The failure to pay AIS necessarily raises concerns regarding the solvency of the defense trust account and the ability of the defense to pay the “substantial anticipated defense expenses” that O’Mara mentioned.

In addition to comments about the significance of the AIS lawsuit, many of you have asked whether the donations to the account are nontaxable gifts or taxable as income to the defendant. I wrote about this back in May or June and said I believed they were nontaxable gifts, but I am not an expert in tax law, so I could be mistaken.

Grey Winter Sky provided this link in a comment this morning to an article in Forbes Magazine last June that reached the same conclusion that I did. Since the decision is up to the IRS, subject to the outcome of any appeals, we could both end up wrong.

Jun quoted Wikipedia to support his conclusion that the donations are taxable income. He said,

“According to wikipedia, Fogenhats’ defense fund does not count as a gift, so he has to pay taxes

“In the United States, the gift tax is governed by Chapter 12, Subtitle B of the Internal Revenue Code. The tax is imposed by section 2501 of the Code.[2] For the purposes of taxable income, courts have defined a “gift” as the proceeds from a “detached and disinterested generosity.”

For the time being, I am going to stick with my initial opinion that the donations are nontaxable to the defendant.

(The donors may have to pay a tax, depending on the amount they donate, but that is a different issue and beyond the scope of this article.)

Regardless whether the defendant has to pay an income tax on the donations, and if he does it would be a substantial amount, I am concerned whether there is enough money in the account to pay “the substantial anticipated defense expenses.”

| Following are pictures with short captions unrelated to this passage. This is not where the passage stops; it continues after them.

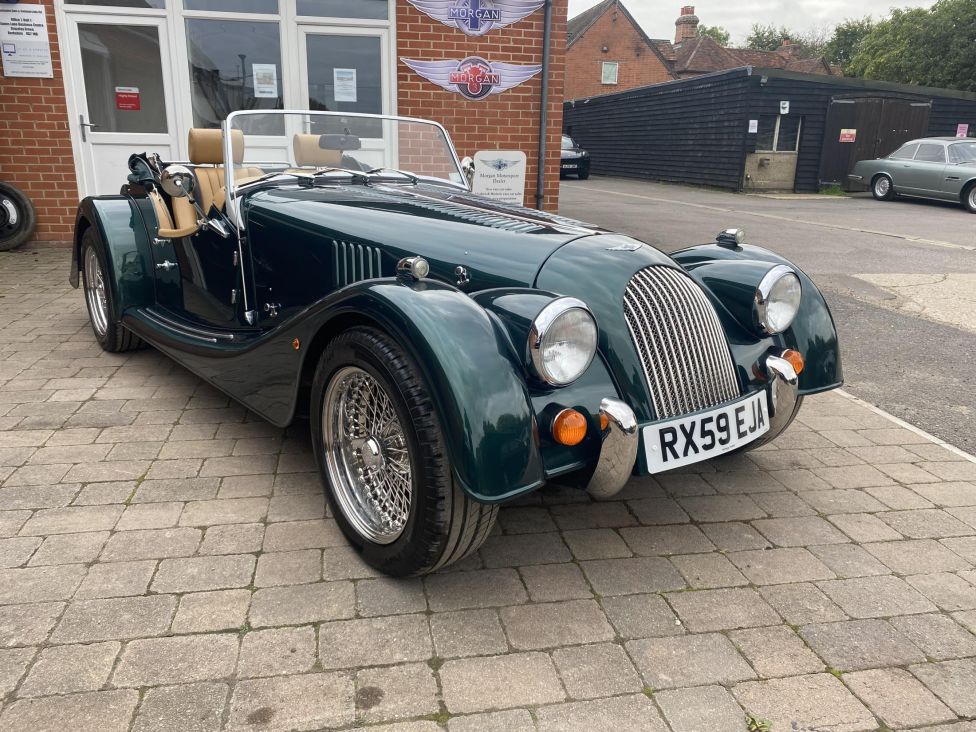 2009 Morgan Roadster 100 No. 07/63 Photograph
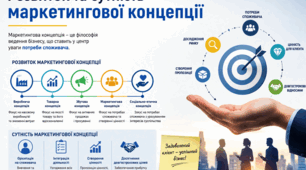 Розвиток та сутність маркетингової концепції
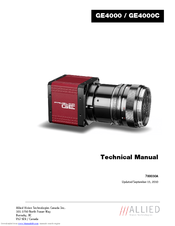 Allied GE4000 Technical Manual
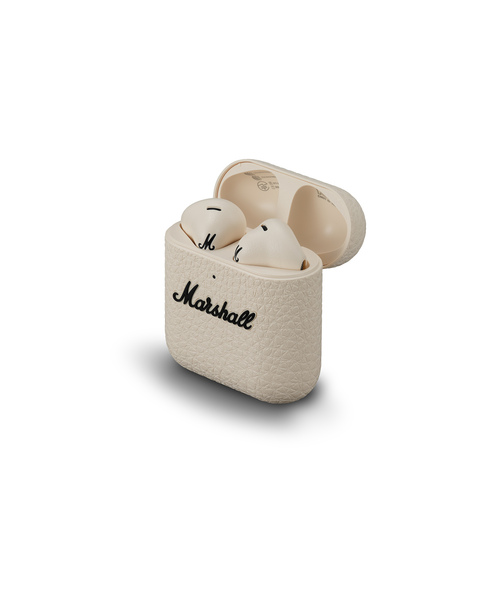 【極美品】 Marshall マーシャル MINOR II ホワイト Marshall（マーシャル） イヤホン ヘッドホン 「Marshall/マーシャル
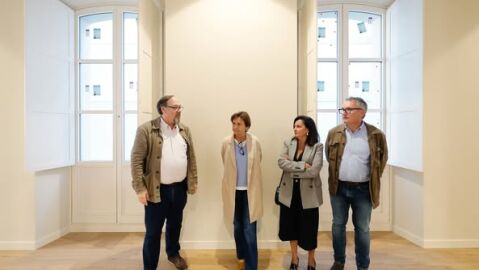 El edificio de Vicasa abrir&aacute; como albergue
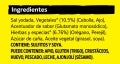 Lista de ingredientes de Sazonador Naturísimo MAGGI® Completo x 1kg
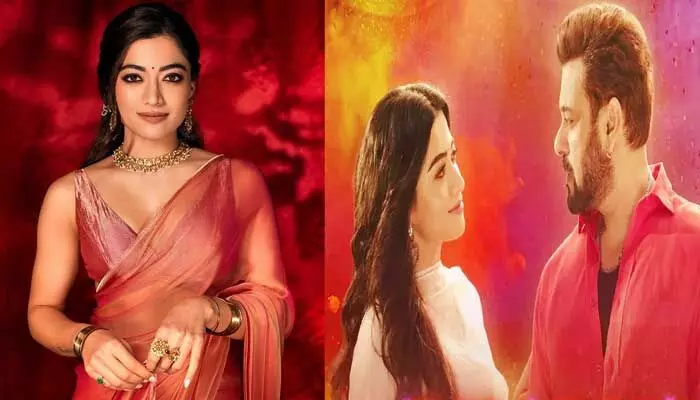 Rashmika Mandanna: ‘సికందర్’ భం భం భోలే సాంగ్పై రష్మిక మందన్న పోస్ట్.. Rashmika Mandanna: ‘సికందర్’ భం భం భోలే సాంగ్పై రష్మిక మందన్న పోస్ట్..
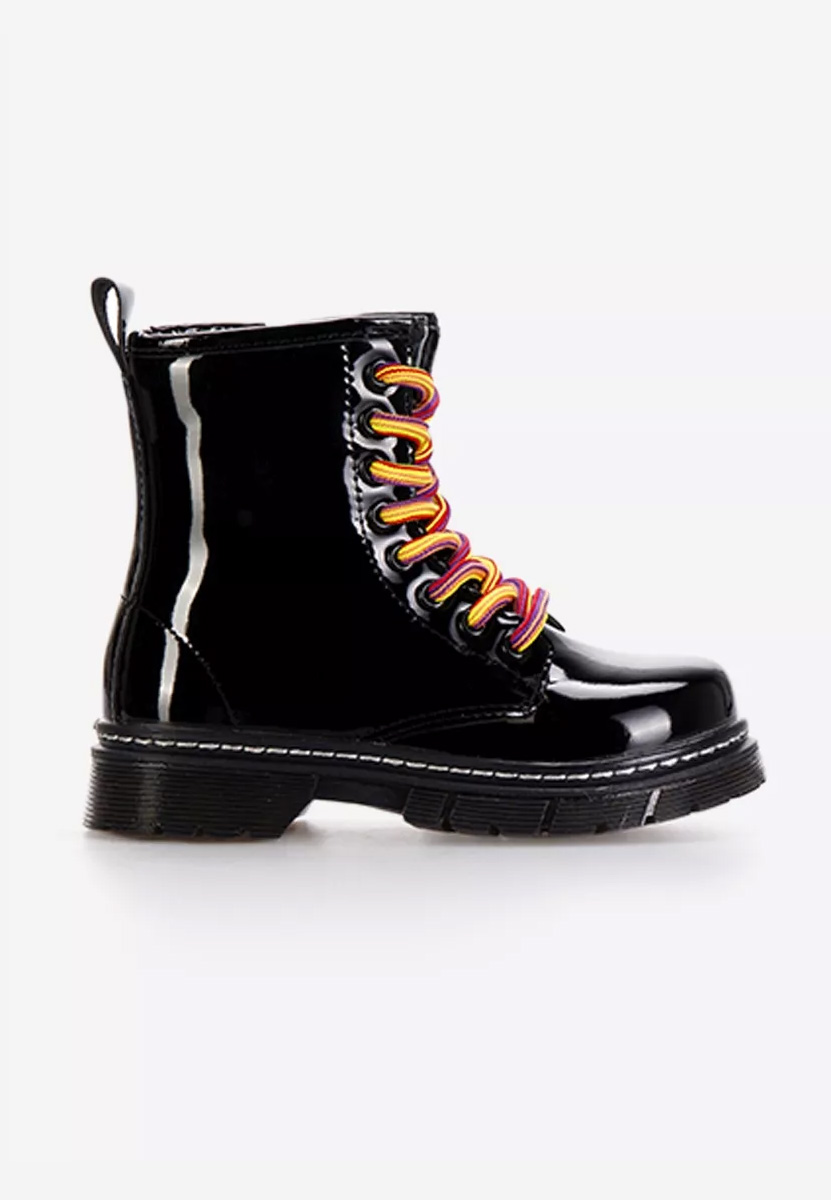 Bottines filles noires Siena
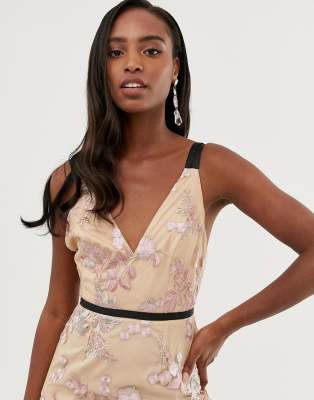 green long sleeve dress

O’Mara recently estimated the balance in the account had dropped to around $15,000 and there is no way that that amount will cover “the substantial anticipated defense expenses” as well as the continued living and security expenses.

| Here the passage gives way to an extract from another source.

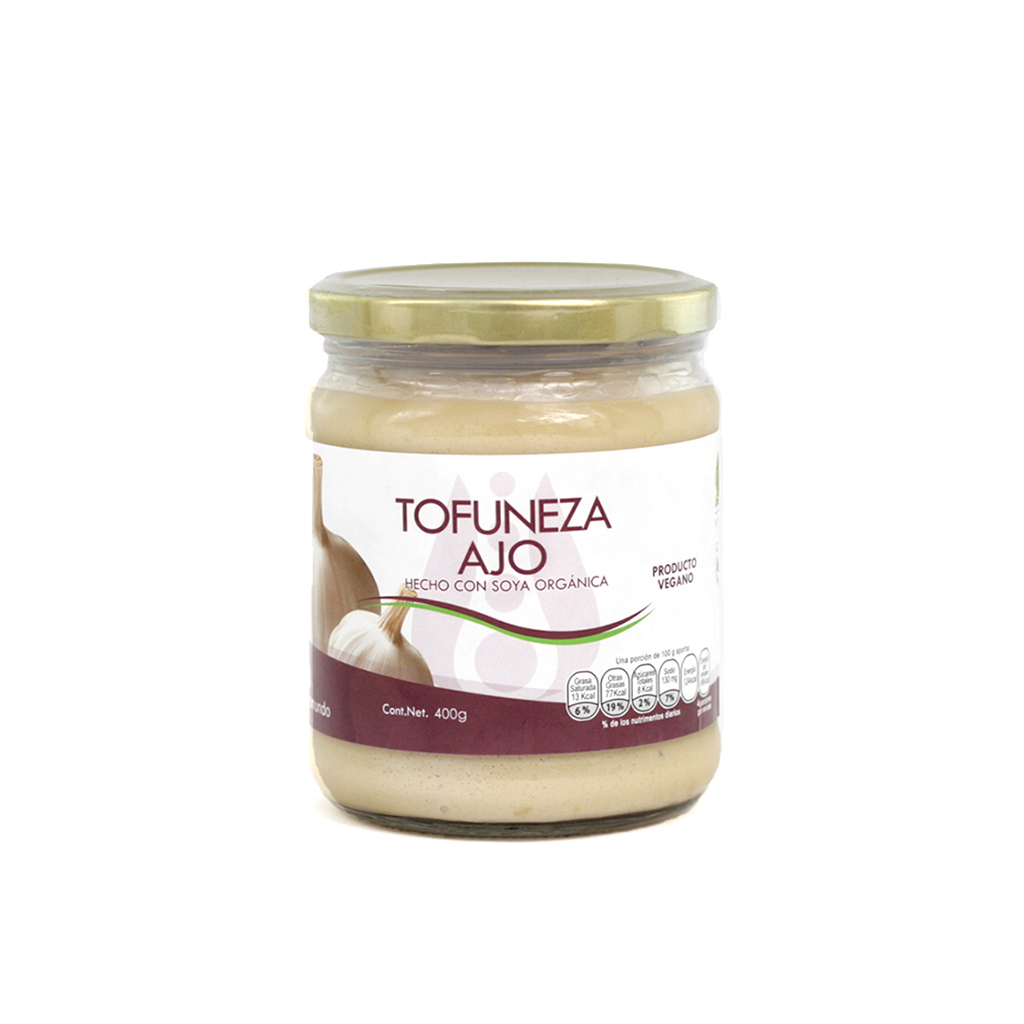 [7503003026020] Tofuneza ajo 400 g Sano Mundo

I suspect the civil suit against NBC was filed with the hope that NBC would settle the case quickly and the settlement amount would be added to the trust account to give some breathing room to the defense team. I doubt the case will settle because the claims against NBC and its reporters, even if true, do not establish that they caused any compensable harm to the defendant. He, and not the reporters, called Trayvon Martin a “fucking asshole” and a “fucking coon.” That is what I hear on the NEN recording and I am not alone. Therefore, that lawsuit is going nowhere.

I do not know if the defense continues to receive donations, but if they have slowed to a trickle as I imagine they have, then the defense is going to have to make a very important decision soon.

Hoping that future donations will be sufficient to pay “the substantial anticipated defense expenses” is not a viable and responsible strategy. It’s called gambling.

Sooner or later and preferably sooner rather than later, I believe the defense is going to have to claim indigency and seek an order permitting the defendant to proceed in forma pauperis. If granted, the court would appoint and compensate defense investigators and experts at substantially reduced rates.

No doubt such a move would cause an enormous loss of face for the defense, but that is infinitely more preferable than proceeding to trial without the assistance of defense investigators or experts.

Moreover, a conviction obtained without the assistance of defense investigators and experts might be reversed for ineffective assistance of counsel and that is a result that no one, except a convicted defendant, would desire.